On its menu and website, El Farol bills itself as “Santa Fe’s Oldest Restaurant & Cantina.” This isn’t accurate — The Pantry and The Shed are both older, to give just two examples — but that’s OK, since El Farol is the kind of place that inspires tall tales and legends, some of which actually turn out to be true. Ever heard the story about El Farol being part of an important academic paper on game theory? It was published in 1994 by W. Brian Arthur, a professor affiliated with the Santa Fe Institute, and it’s called “Inductive Reasoning and Bounded Rationality (The El Farol Problem).”
El Farol was launched in 1963 by partners Vint Blackburn and Bob Young, and the restaurant’s name (which translates as “the lantern”) was suggested by a friend from Barcelona named Andre Ripol. Blackburn, who lived in Santa Fe until a few years ago, said El Farol was originally housed at 802 Canyon Road, at the corner of Camino del Monte Sol. It wasn’t known for tapas back then, and it didn’t have a liquor license — all that came later, as did a migration to the current location at 808. For years prior to El Farol’s opening, that address was home to a rowdy place called the Canyon Road Bar.
Through the years, El Farol has endured, and there aren’t many restaurants that feel so distinctively like Santa Fe. The vibe starts out front, on a long, narrow dining patio that features high tables and a shade-giving roof made from hefty vigas and planks. Go inside, and you’ll see El Farol’s famous bar along with a scattering of tables. Walk to the right, and you’ll start meandering through cozy, close-quarters dining rooms that feature murals, glowing lights, colorful curtains, vines, and even a small performance stage. Out back is a big open-air patio that’s a fine place to be on a summer evening.
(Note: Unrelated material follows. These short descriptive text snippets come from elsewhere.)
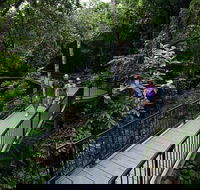 4-Day Cairns with Great Barrier Reef and Daintree Rainforest - New Castle Holiday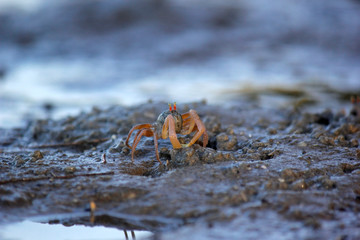 small ghost crab on the beach sand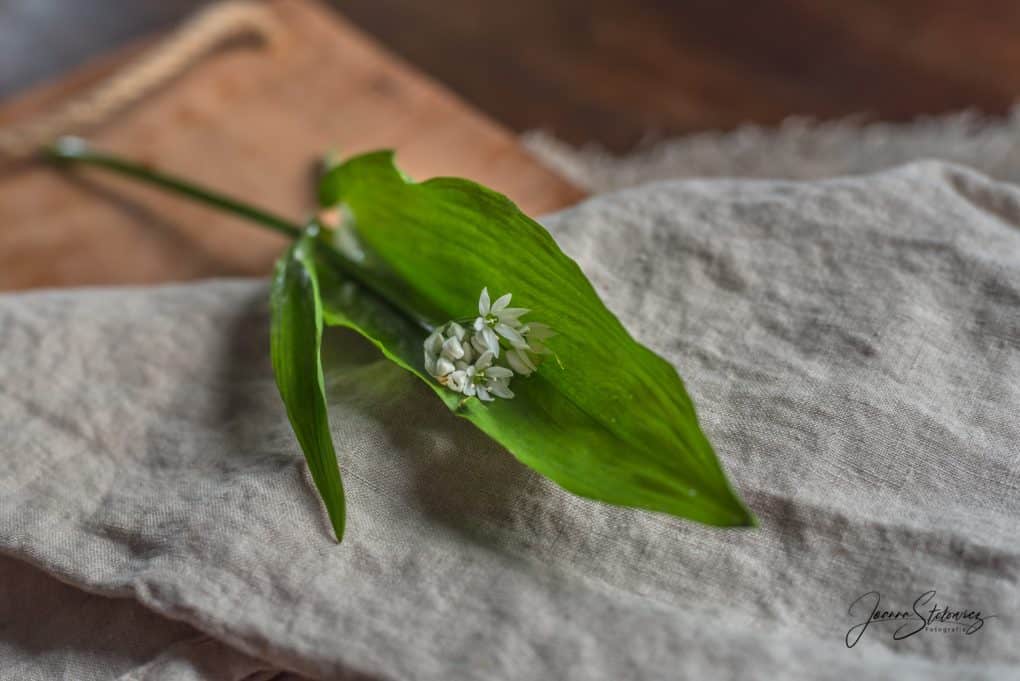 Pesto z czosnku niedźwiedziego Thermomania Thermomix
It all looks casual, but the prices here are pretty high: $28 for an entrée of scallops, $36 for rib eye, and $12 for a jalapeño margarita. El Farol isn’t quite as expensive as neighbors like The Compound and Geronimo, but it’s close. Is the food on the same level? Judging by two recent visits, it isn’t, making El Farol something of a gamble for times when you’re looking to focus more on eating than on drinking and small-plate snacking.
For dinner one night, we started with three tapas plates, only one of which stood out: aguacate, an avocado half that’s been crumb-coated and quick-fried and is served with pico de gallo and lime yogurt. This was very good: In fact, my only complaint was that I had to share it. Less successful was the sliced chorizo sausage with figs in a red wine sauce. The sausage was fine, but the figs didn’t gain much from soaking in a “sauce” that had the consistency of un-reduced red wine. The third plate we tried, jamón serrano and manchego cheese, didn’t rise above the sum of its parts. The thinly sliced Spanish ham was good, but the manchego was bland and sweating from sitting out.
Both entrées were about the same: not bad, but not memorable enough for the price. My friend went for a single portion of paella and found the rice monotonous. I tried the lomo de cerdo caprichosa, which was described on the menu as pork tenderloin “Milanese style.” That meant it was beaten thin and fried in another crumb coating. The meat was tough, and the main flavor that came through was cooking oil.
Lunch on a second visit was a more pleasant experience, thanks partly to the weather. We ate out front on a perfect afternoon. My friend tried the warm kale salad, which suffered because the kale hadn’t been tenderized, wasn’t warm, and was missing two ingredients listed on the menu: cranberries and tomato. My “salad of the day” consisted of green and red leaf lettuces, pine nuts, pear slices, cheese, and a sweet, sticky dressing. Two of the salad’s defining elements — the pear and the cheese — were nearly flavorless.
After that, we both went with Southwestern orders: beef tacos and a chicken enchilada. The tacos I had were too simple: floppy single tortillas containing dollops of ground beef and melted cheese, with none of the standard garnishes — like cilantro — that you would get at a typical taco truck. The bright spot was dessert: churros, fried dough cylinders crusted with sugar and cinnamon and served with a warm chocolate sauce. If everything at El Farol was this good, there would be no problem.